## Supplied data
....................
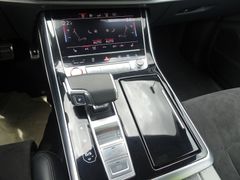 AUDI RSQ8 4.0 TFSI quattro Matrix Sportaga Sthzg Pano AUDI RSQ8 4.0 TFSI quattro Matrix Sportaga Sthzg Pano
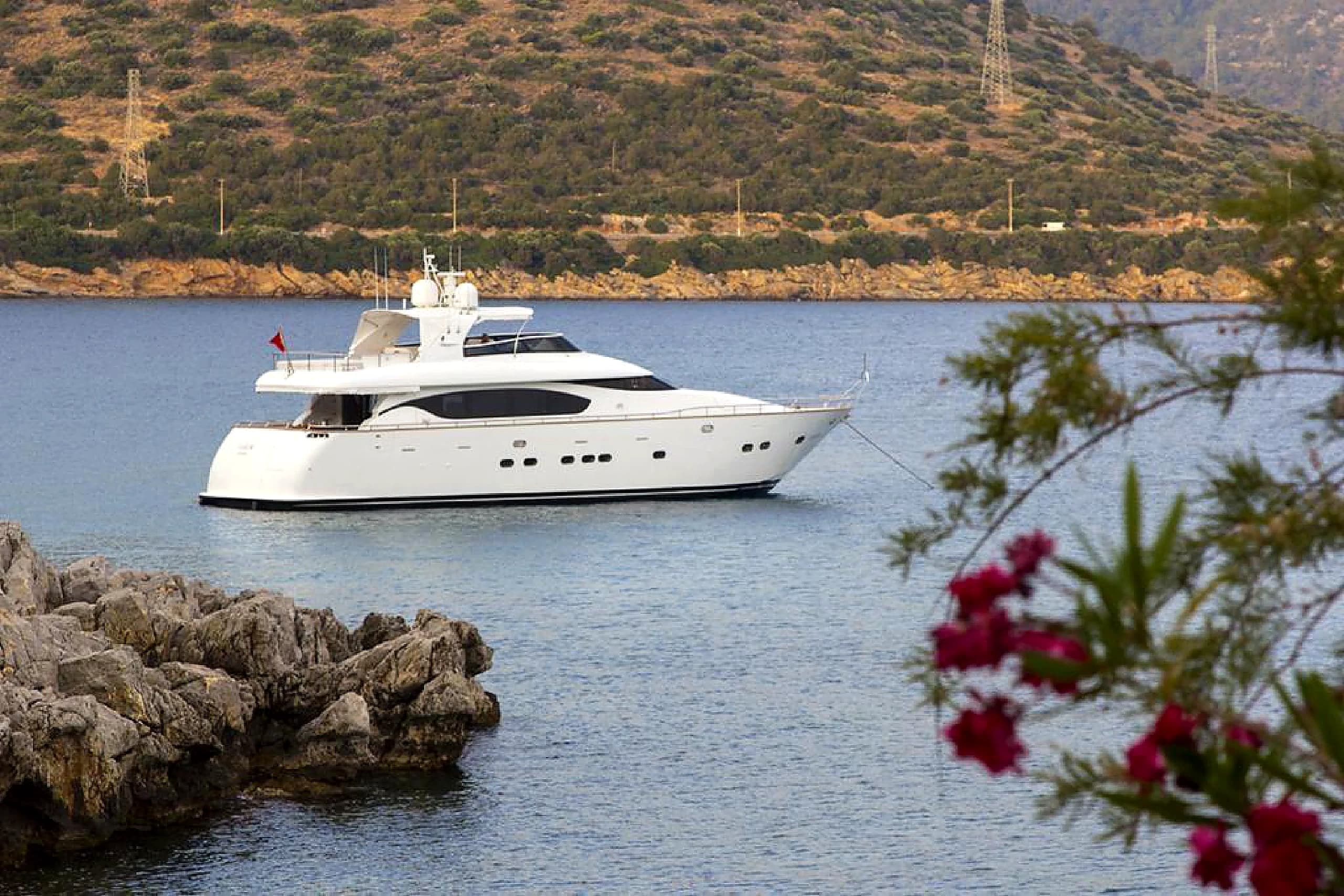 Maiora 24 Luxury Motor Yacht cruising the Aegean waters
....................
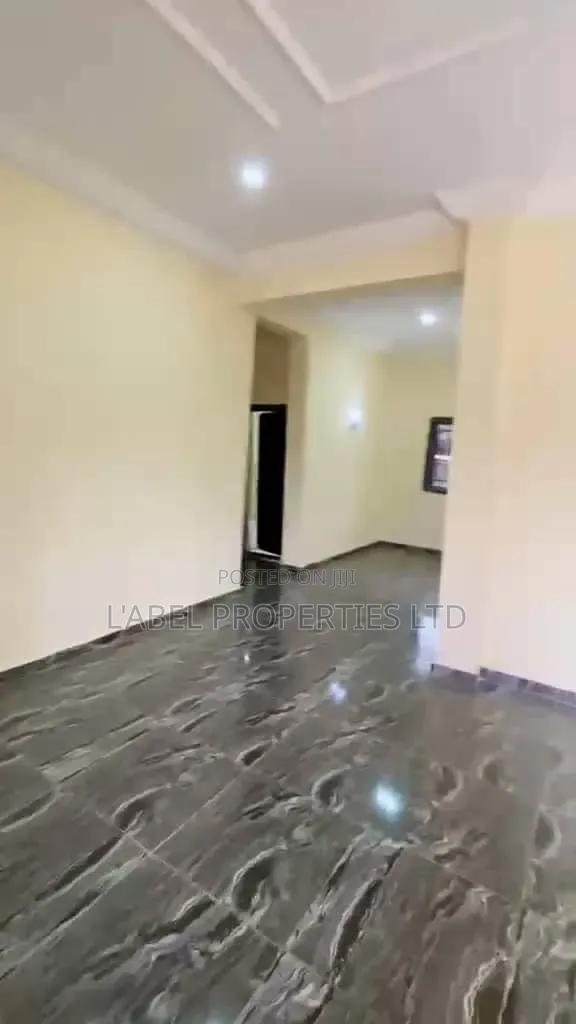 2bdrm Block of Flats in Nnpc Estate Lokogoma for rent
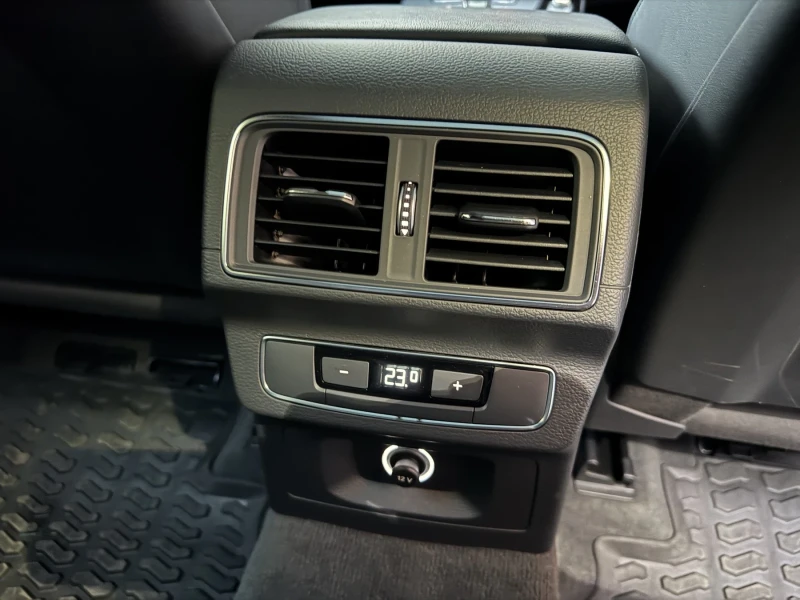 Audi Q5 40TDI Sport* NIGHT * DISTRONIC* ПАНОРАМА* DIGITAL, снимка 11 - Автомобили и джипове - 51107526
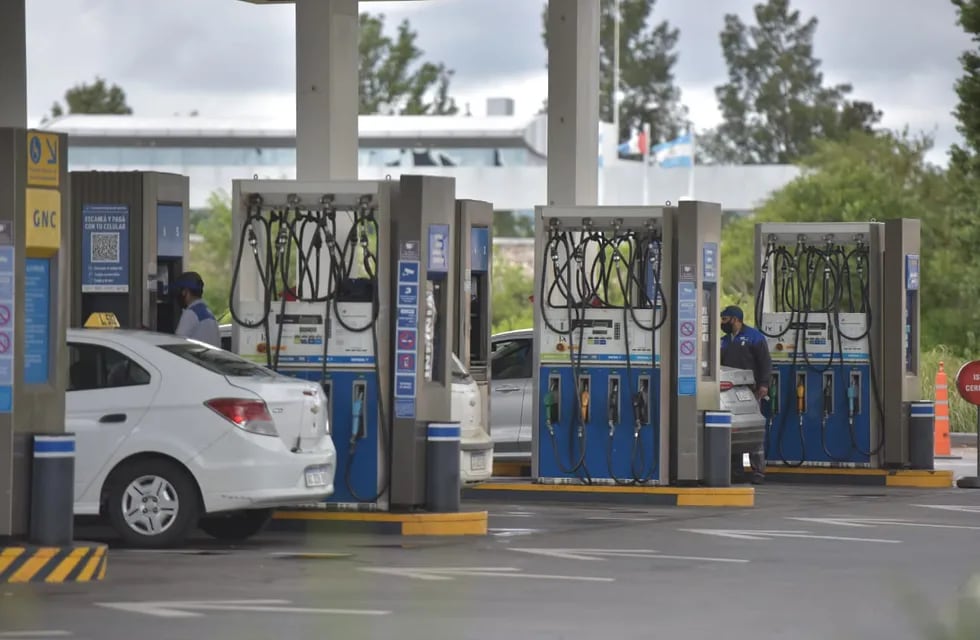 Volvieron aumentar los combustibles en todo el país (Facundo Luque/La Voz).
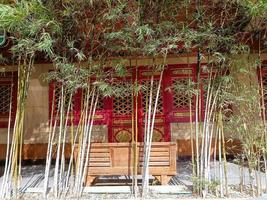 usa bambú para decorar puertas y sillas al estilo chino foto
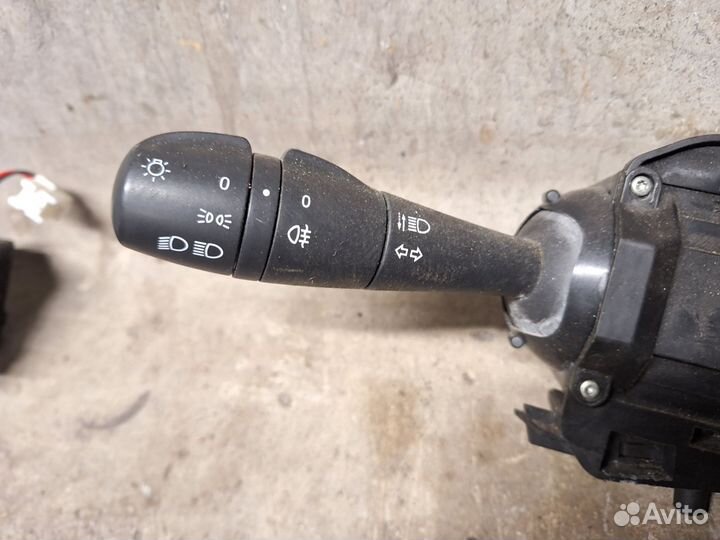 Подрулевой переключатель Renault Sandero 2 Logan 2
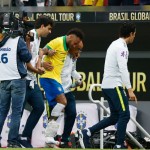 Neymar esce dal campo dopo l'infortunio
....................
## Activity
With the pictures omitted, copy exactly the lines of the listing above starting at the line containing "AUDI RSQ8 4.0 TFSI quattro Matrix Sportaga Sthzg Pano AUDI" and ending at the line containing "Maiora 24 Luxury", both included.

## Response to the exercise
 AUDI RSQ8 4.0 TFSI quattro Matrix Sportaga Sthzg Pano AUDI RSQ8 4.0 TFSI quattro Matrix Sportaga Sthzg Pano
 Maiora 24 Luxury Motor Yacht cruising the Aegean waters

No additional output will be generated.